Montana, one of the nation’s most rural states with little experience in managed care, is taking the lead in bringing
managed mental health care to low-income residents, both those who qualify for Medicaid and those who don’t.
Montana’s statewide Mental Health Access Plan is innovative in two important respects:
• it will blend all Medicaid and non-Medicaid funds for mental health into one program that includes the budget for the state hospital and covers some non-
Medicaid residents up to 200% of the poverty level, and
• it will be operated by a joint venture between the newly formed non-profit Care Coalition of Montana and CMG Health, Inc., a privately held, for-profit corporation based in Owings Mills, MD.
The Care Coalition comprises more than 20 human service organizations, including all five of the state’s community mental health centers.

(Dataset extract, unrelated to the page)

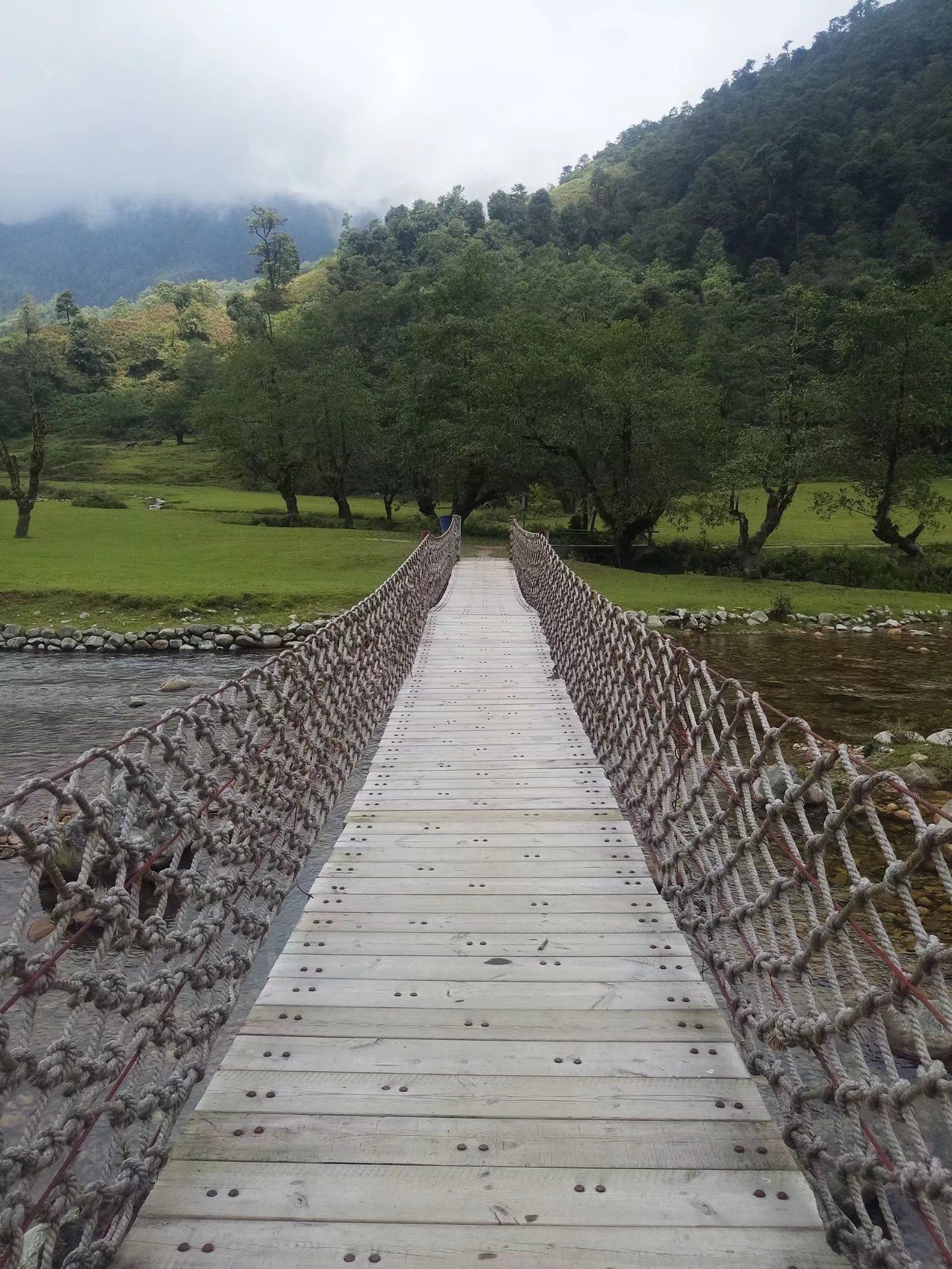 坪河草地露营景区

Such joint ventures between for-profits and non-profits have been tried on a smaller scale in other states, including parts of Colorado and Florida.
Value of the contract is estimated at $75-$80 million, or about $400-$500 million over the 5-year period. In an average month, about 80,000 Medicaid-eligible and non-Medicaid-eligible residents will qualify for the program, which takes effect April 1. But Deborah Ekstrom, who is heading up the effort for CMG, says the plan expects to serve about 15,000 to 20,000 people a year, including about 7,000 people not eligible for Medicaid who will be required to pay for benefits on a sliding scale.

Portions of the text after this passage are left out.